Tradition and the Baptism of Horror

“That slippery science has made me so bare
That I have no possessions, wherever I fare!”
The Canon’s Yeoman’s Tale, VIII, 732-733

Chaucer’s The Wife of Bath’s Tale is set in “the old days of King Arthur” (III, 857). In the past, she says, fairies and the elf queen roamed about, enchanting the land with their very presence. This, after all, is why we still tell stories of this mystical past. The present, by contrast—and in a typically-Chaucerian joke—leaves women travelling around with only one thing to fear: the sexual advances of licentious friars. Past terrors were singularly attractive and mesmerizing, if dangerous, while modern ones are tedious, fleshly, and uninspired. The Wife’s tale must be set in the days of Camelot, because “now no man can see any more elves” (III, 864).
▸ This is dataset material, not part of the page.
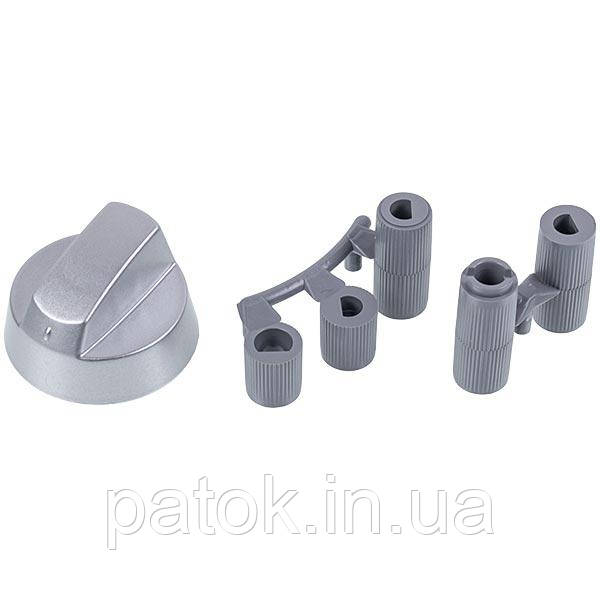 Ручка регулювання універсальна для плити з перехідниками D=6-8mm сріблястий, фото 1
Writing at the cusp of what has come to be called “modernity,” Chaucer expresses an idea that is still very much with us; he clues us in to an instinct that survives primarily in our works of genre fiction: horror, sci-fi, and fantasy. Texts like Tolkien’s “The Smith of Wootton Major,” Miller’s A Canticle for Leibowitz, and Wolfe’s The Book of the New Sun carry us away to some past or future, some distinctly different world, in which sacrality and magic remain. In doing so, they reckon with what Max Weber famously called modernity’s power to “disenchant,” the ways in which post-medieval life seems devoid of obvious meaning, sense, or suspense. It is no surprise, then, that many religious authors have found genre fiction a powerful outlet for the sacramental imagination. These men and women have used imaginative works to inch us back toward belief, if not in one God, then at least in a created world. Through horror and science fiction the depths of the human soul can be probed even as tinges of the spiritual are re-implanted into mundane modern existence.

Many such writers, however, are not Catholic, or even religious. Investigating their texts is of supreme importance for us today as we continue to imagine a post-secular future through literature. One of these, The Ballad of Black Tom by Victor LaValle, is particularly worth investigating for the way that it builds upon the history of horror fiction. It speaks to the past in what we might call a traditional way; it deals with “what has been handed down,” and in doing so offers a trenchant analysis of modern social dynamics through chthonic violence. While not an explicitly-Christian book, thinking with the novella allows modern Catholics to address more clearly how horror fiction might help us look backward to the pre-modern even as we push forward through secular modernity into, we hope, a more enchanted world. It offers us, in other words, a meditation on both the past and the future, and, in doing so, invites us to do the same for ourselves.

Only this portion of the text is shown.